Admirable petit roman, magnifiquement ciselé, Flush a connu au moment de sa publication dans la vieille Angleterre de 1933, un véritable engouement. Toute de finesse et d'humour, la biographie de l'épagneul remporte un succès littéraire que Virginia Woolf réprouve par anticipation. Quelques jours avant la publication de son roman, l'auteur des Vagues écrit :
« Flush doit sortir jeudi, et je serai sans doute très déprimée par la nature des éloges qu'on me décernera. On dira que c'est « charmant », délicat, très féminin. Et cela plaira beaucoup ». *
Cela plaît beaucoup, en effet, et Flush lui-même devient un véritable héros. Avec un pareil pedigree ― chien de race, propriété d'Elizabeth Browning, héros du dernier roman de Virginia Woolf ―, Flush ne pouvait rester plus longtemps inconnu des lecteurs français. Illustré de quatre dessins par Vanessa Bell, sœur de Virginia Woolf, traduit par Charles Mauron, Flush fait son apparition en France en 1935. Tombé dans l'oubli, puis réédité en 1987 dans le Livre de Poche, délaissé à nouveau, Flush : Une biographie vient de renaître de ses cendres aux éditions Le Bruit du temps, maison d'édition créée en juin 2008 par Antoine Jaccottet.
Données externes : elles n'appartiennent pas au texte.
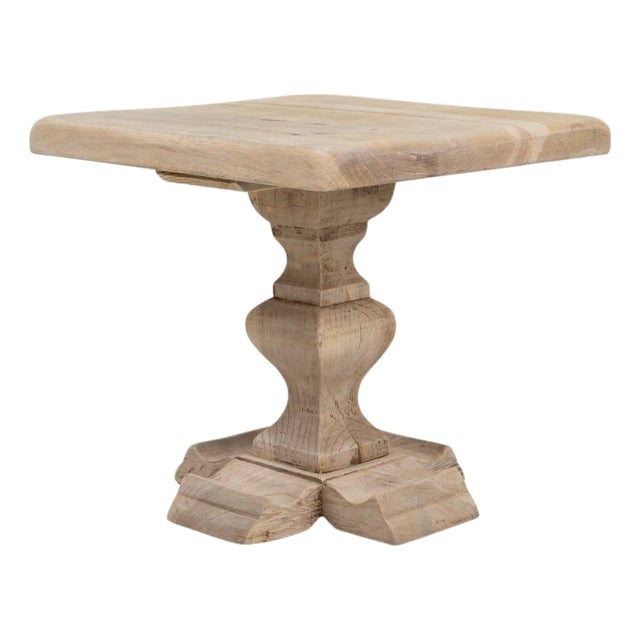 1970s French Oak Pedestal Side Table For Sale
Au sein d’un très élégant ensemble d’ouvrages ― à la jaquette cartonnée de couleur crème et aux rabats cardinalices ― qui comporte, outre Le Temps passe de Virginia Woolf, une édition bilingue des Sonnets portugais, traduits et présentés par Claire Malroux. Elizabeth Barrett Browning, un poète à repenser et à redécouvrir. Gageons que les éditions Le Bruit du temps sauront nous y inciter.
Angèle Paoli
D.R. Texte angèlepaoli
Source
* Virginia Woolf, « Lundi 2 octobre 1933 », Journal d’un écrivain, « Bibliothèques 10/18 », Christian Bourgois éditeur, 2000, page 333.